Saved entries
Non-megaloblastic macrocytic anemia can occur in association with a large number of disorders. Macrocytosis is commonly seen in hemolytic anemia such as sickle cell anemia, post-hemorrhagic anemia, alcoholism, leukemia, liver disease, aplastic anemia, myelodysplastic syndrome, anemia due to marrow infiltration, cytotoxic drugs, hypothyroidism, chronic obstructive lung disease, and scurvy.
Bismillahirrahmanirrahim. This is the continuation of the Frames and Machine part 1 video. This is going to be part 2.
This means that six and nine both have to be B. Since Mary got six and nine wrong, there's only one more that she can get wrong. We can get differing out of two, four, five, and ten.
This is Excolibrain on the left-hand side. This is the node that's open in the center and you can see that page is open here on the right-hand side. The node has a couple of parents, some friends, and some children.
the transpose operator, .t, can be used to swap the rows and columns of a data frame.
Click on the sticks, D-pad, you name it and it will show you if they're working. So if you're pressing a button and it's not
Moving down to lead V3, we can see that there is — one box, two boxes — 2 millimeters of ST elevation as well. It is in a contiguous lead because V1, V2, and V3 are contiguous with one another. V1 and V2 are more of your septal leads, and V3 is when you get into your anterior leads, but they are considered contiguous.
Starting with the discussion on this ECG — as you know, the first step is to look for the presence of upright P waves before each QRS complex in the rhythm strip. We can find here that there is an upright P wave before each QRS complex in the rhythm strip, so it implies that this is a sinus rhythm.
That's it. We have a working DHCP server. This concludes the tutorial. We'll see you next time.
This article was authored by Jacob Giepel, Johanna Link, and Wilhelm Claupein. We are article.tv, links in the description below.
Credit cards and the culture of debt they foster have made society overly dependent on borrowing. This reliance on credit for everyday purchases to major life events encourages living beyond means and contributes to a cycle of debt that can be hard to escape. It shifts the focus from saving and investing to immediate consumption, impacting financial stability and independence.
==
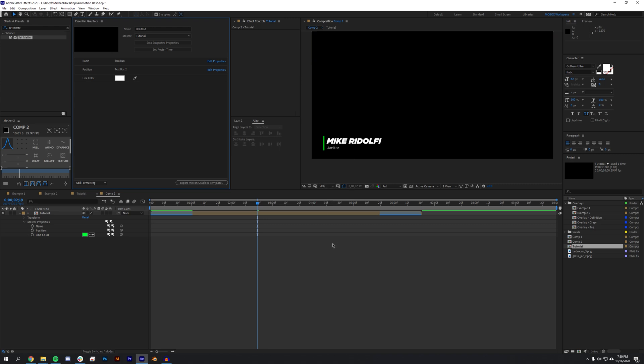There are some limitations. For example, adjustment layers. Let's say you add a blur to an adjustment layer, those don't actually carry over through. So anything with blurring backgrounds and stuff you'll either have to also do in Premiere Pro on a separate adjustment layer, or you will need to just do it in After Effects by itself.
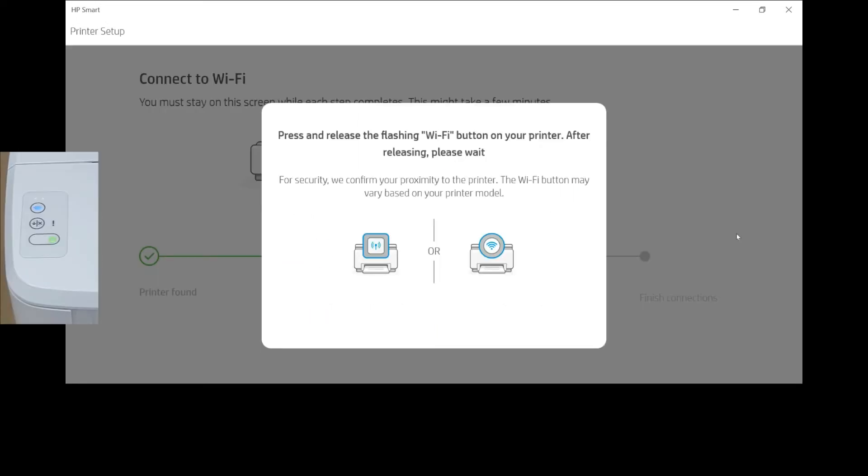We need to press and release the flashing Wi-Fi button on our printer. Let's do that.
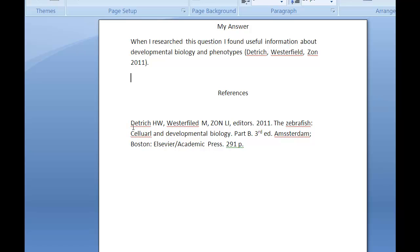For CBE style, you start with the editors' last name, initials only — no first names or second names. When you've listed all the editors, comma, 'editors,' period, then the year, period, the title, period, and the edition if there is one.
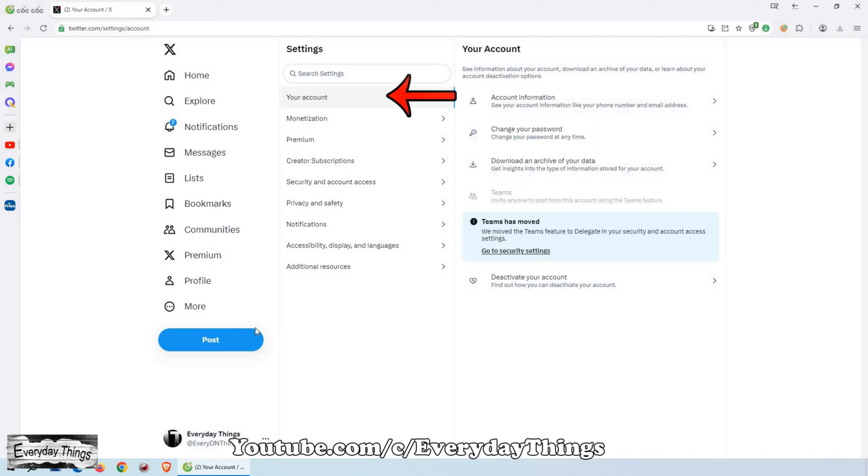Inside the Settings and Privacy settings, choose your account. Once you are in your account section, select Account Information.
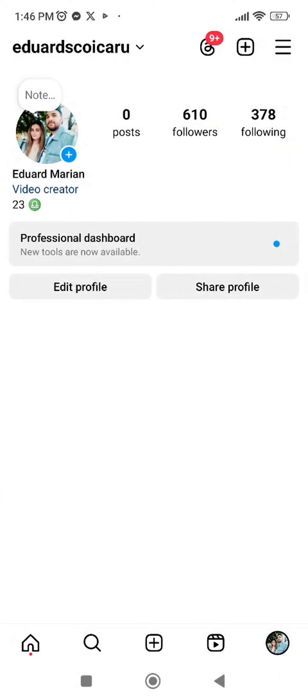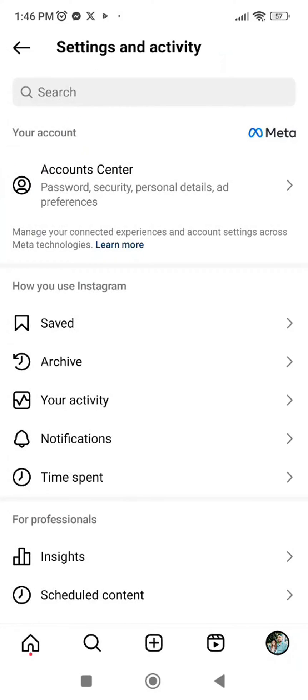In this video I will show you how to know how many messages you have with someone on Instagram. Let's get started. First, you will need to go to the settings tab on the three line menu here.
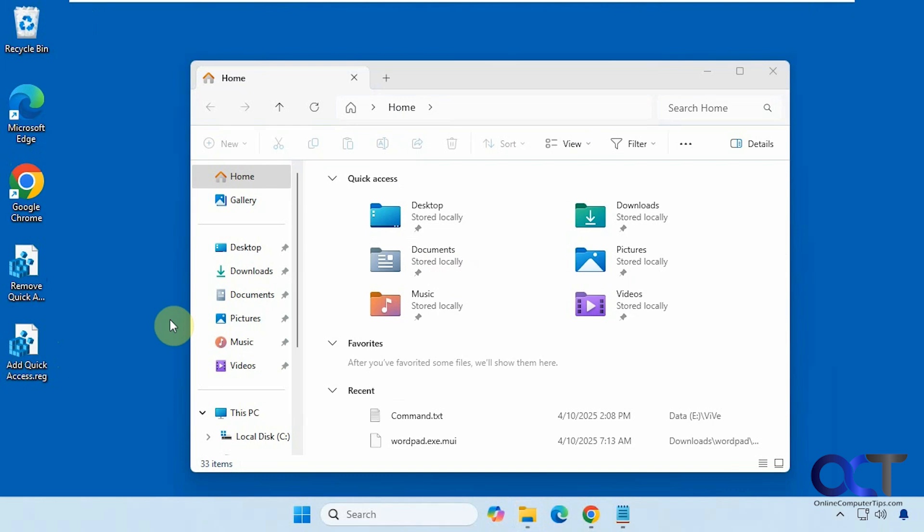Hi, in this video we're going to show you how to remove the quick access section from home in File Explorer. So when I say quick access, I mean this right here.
---
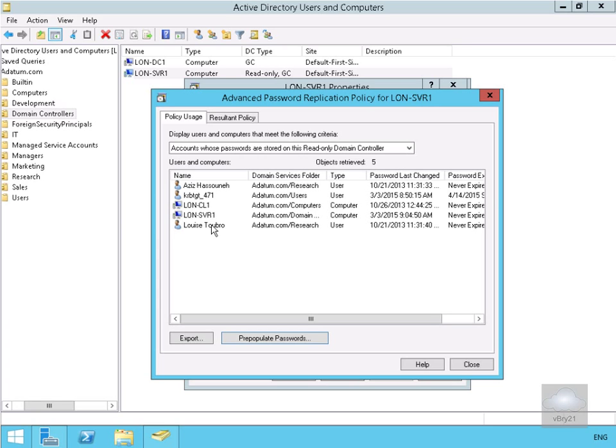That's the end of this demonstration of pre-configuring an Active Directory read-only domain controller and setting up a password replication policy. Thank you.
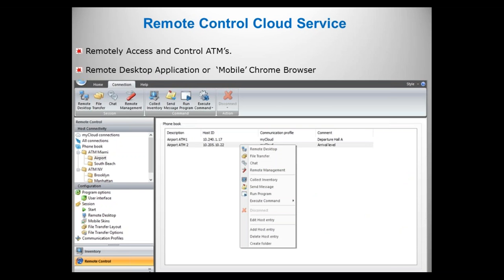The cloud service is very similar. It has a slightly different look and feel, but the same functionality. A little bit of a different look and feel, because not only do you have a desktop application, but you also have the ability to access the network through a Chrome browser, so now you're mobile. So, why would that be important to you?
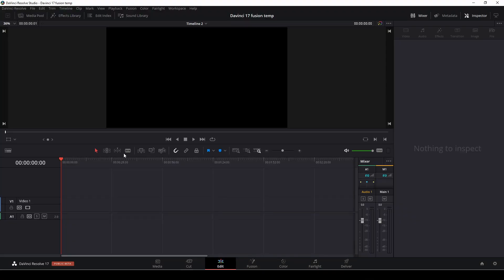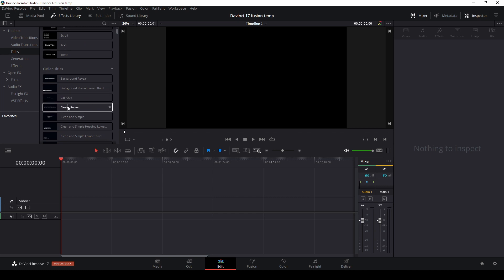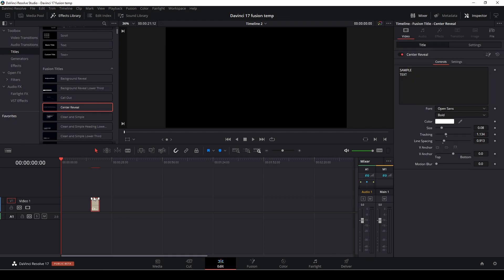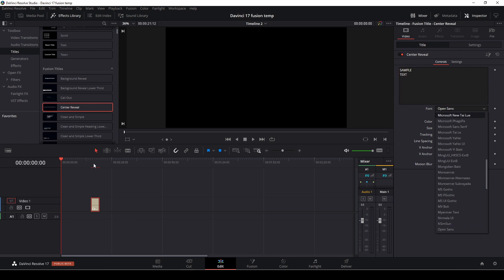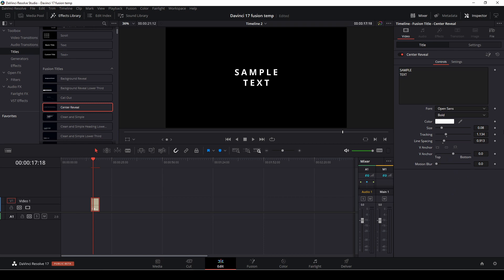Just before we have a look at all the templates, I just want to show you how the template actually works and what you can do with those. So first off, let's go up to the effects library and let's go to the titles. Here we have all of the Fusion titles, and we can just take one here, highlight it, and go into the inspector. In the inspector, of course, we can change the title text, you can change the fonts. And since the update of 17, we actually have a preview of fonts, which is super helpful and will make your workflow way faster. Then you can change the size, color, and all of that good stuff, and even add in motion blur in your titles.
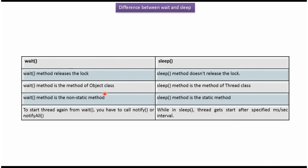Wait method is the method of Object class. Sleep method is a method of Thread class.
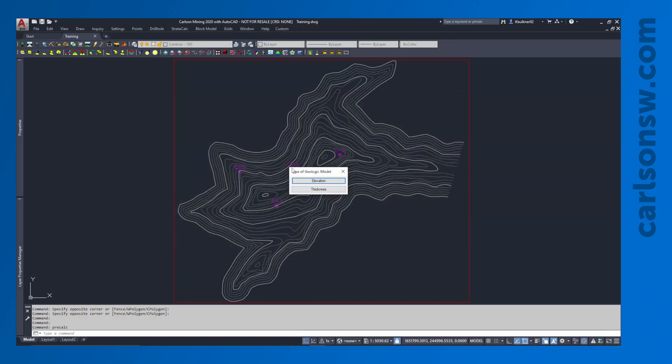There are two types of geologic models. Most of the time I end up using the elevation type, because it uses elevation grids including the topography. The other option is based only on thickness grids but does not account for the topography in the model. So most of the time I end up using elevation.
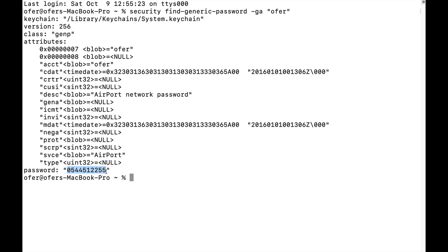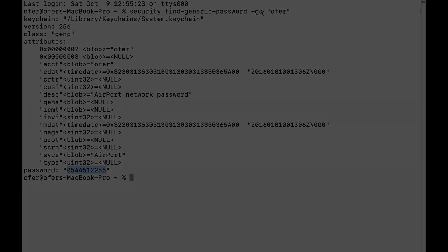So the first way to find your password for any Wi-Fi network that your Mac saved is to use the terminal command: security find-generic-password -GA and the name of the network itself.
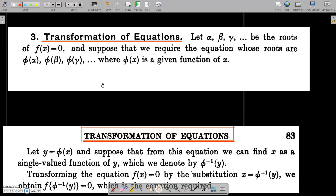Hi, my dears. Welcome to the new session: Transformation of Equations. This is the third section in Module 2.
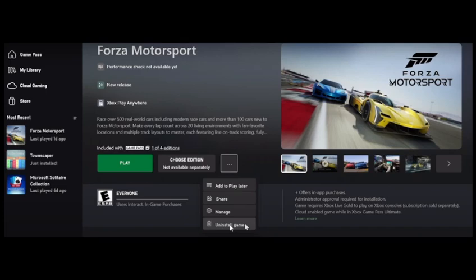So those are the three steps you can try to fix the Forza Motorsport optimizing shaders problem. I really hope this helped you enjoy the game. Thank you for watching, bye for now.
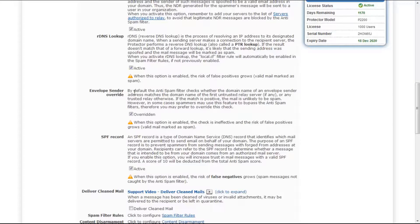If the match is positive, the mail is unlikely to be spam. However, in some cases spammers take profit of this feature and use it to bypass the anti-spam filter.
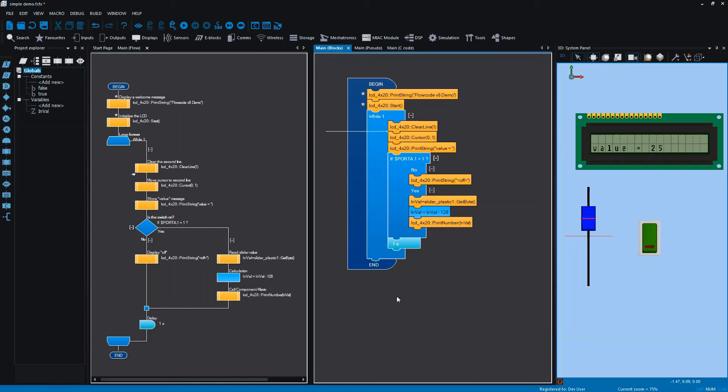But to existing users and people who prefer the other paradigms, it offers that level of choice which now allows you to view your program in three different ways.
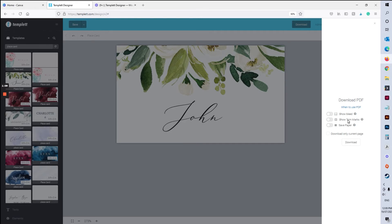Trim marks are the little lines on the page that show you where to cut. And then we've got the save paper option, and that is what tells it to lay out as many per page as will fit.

### [What is needed]
With the line that has "Non-megaloblastic macrocytic anemia" as the first and the line that has "Bismillahirrahmanirrahim. This is" as the last, repeat exactly that run of lines above and no more.

### [Answer space]
Non-megaloblastic macrocytic anemia can occur in association with a large number of disorders. Macrocytosis is commonly seen in hemolytic anemia such as sickle cell anemia, post-hemorrhagic anemia, alcoholism, leukemia, liver disease, aplastic anemia, myelodysplastic syndrome, anemia due to marrow infiltration, cytotoxic drugs, hypothyroidism, chronic obstructive lung disease, and scurvy.
Bismillahirrahmanirrahim. This is the continuation of the Frames and Machine part 1 video. This is going to be part 2.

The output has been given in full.